Posłuchaj fragmentów nowej płyty Keitha Jarretta!!!

Autor: 
Redakcja

To był 9 dzień kwietnia 2011 roku. Do Teatro Municipal w stolicy samby przyjechała chyba największa współczesna ikona jazzu. Sam. 40 lat wcześniej nagrał płytę "Facing You" - pierwszy album wydany dla ECM, od razu piano solo. Potem takich albumów przydarzyło mu się kilka. Żaden nie był odgrzewaniem tego samego kotleta. Conajmniej jeden z nich zapisał się na zawsze w historii współczesnej muzyki. Jedni kojarzą niemiecką Koln z DOM - wielką, budowaną przez 600 lat katedrą. Inny z płytą “The Koln Concert”. Których jest więcej? Kilka lat temu podarował nam potrójny album Paris/London, ściśle związany, lub związywany przez krytykę z rozstaniem pianisty z żoną. 4 listopada na sklepowych półkach całego świata znajdzie się kolejny album piano solo Keitha Jarretta - dwupłytowe wydawnictwo “Rio”

Jarrett wystąpił przedtem tylko raz w Brazylii, prawie dwadzieścia lat temu. Stwierdził później, że ma tam „niezamknięte sprawy”, które znalazły dopełnienie w wydawanym obecnie albumie Rio: „Nie wiem, co miałem wówczas na myśli, ale odpowiedzią na tamte słowa jest obecny koncert. Wszystko, co grałem w Rio było improwizacją. I mimo, że i tak nie da się tego powtórzyć, nie wyobrażam sobie, że mógłbym zagrać podobną muzykę w innej sali, w innym miejscu, innego wieczoru i przy innej publiczności”.

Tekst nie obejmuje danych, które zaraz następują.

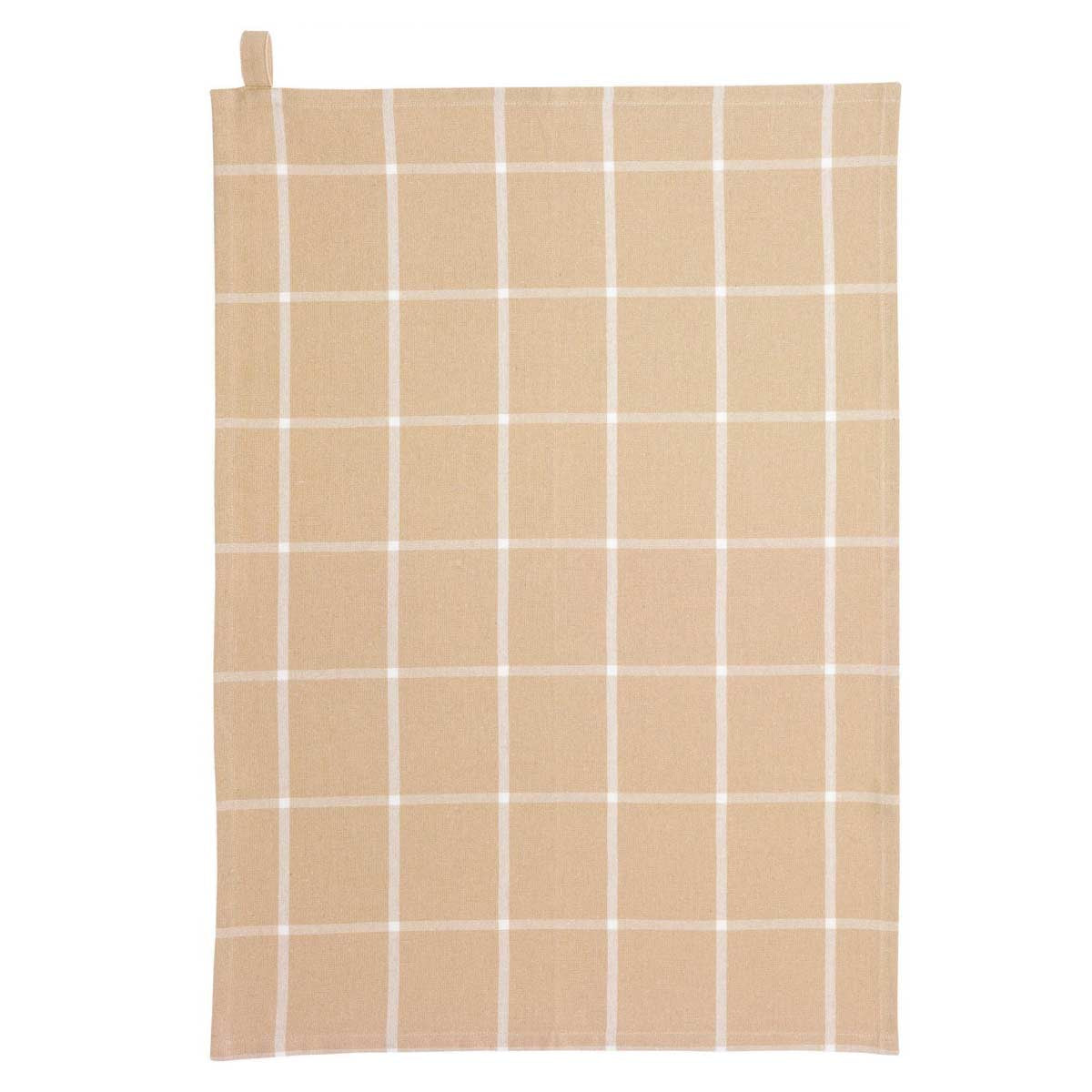 Canovacci a quadri beige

Muzyka wykonana wówczas pełna jest liryzmu, a całość podzielona została na piętnaście krótkich kompozycji. Artysta uważa, że był to jeden z najlepszych jego występów, „słodki, radosny, ciepły, energetyczny, pełen pasji i odnoszący się w ciekawy sposób do kultury brazylijskiej”. Do ostatecznego efektu przysłużyła się również znakomita akustyka sali i entuzjastycznie nastawiona publiczność.Koncert w Rio de Janeiro był drugim podczas krótkiej trasy po Ameryce Południowej, podczas której artysta wystąpił również w Sao Paulo i Buenos Aires.